Chimpanzee grooming influenced more by mothers than conformity
Patricia Jones
This week's paper comes from Richard Wrangham's lab at Harvard. They examined the grooming behavior of 18 wild chimpanzees in one group in Kibale National Park, Uganda. Wrangham and colleagues were interested in a very specific variant of grooming behavior. Chimps often exhibit "high-arm grooming", sometimes with clasped palms (photo above) and sometimes with just their wrists or forearms touching. There is observational evidence that high arm grooming style is learned socially. The researchers investigated why there is variation in palm clasping between individual chimps within a population. Some chimps rarely use palm clasping (6% of the time) and some frequently use it (68% of the time). Additionally, they show that there is no correlation between the number of years that an individual has been in a group and the difference between the percent of time an individual spends palm-clasping and the median percent of palm clasping in the population. They propose that if individuals were conforming, one might expect that with an increasing number of years in the population individuals would converge on the average percent of grooming bouts with palm-clasping. I am not sure I buy this, a chimp either palm-clasps or it doesn't in a grooming bout. I can imagine that a population would converge on all (or predominantly) palm-clasping, or not (or rarely) palm-clasping, but it doesn't make sense to me that they would conform on palm-clasping 35.1% of the time, as the authors propose. Unless, some particular grooming condition occurred 35.1% of the time and palm-clasping was always used in that case, but there appears to be no evidence for a particular grooming condition in which palm-clasping occurs.
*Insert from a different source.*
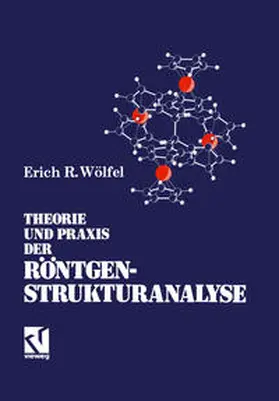 Wölfel | Theorie und Praxis der Röntgenstrukturanalyse | E-Book | sack.de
The authors show that the percentage of grooming bouts in which a chimp palm-clasps is clustered by matriline. Some matrilines of chimps (mothers and their children) palm-clasped often, and some almost never did. They therefore propose that whether or not a chimp palm-clasps is determined by what their mother did rather than the population median. In conclusion, the authors state that "when incentives are low, chimpanzees tend to maintain their first-learned strategy rather than conform to the group".
I have some beef with this paper. First of all, it is one population containing 18 chimps (and only 14 for which they know the matriline). I know that research with chimps is incredibly difficult, but it seems dubious to make a general claim about population conformities (or lack thereof) when you only study one population. Secondly, as mentioned above, it is not clear to me that the expectations for conformity make sense. I would be interested to see if a chimp raised by a mother who did not palm-clasp and introduced to a population where the majority of individuals palm-clasped conformed to the population norm, or not. There just doesn't seem to be a population norm to conform to in this case. But regardless, it is interesting to consider the conditions in which social learning from a parent may outweigh social learning from other members in the community.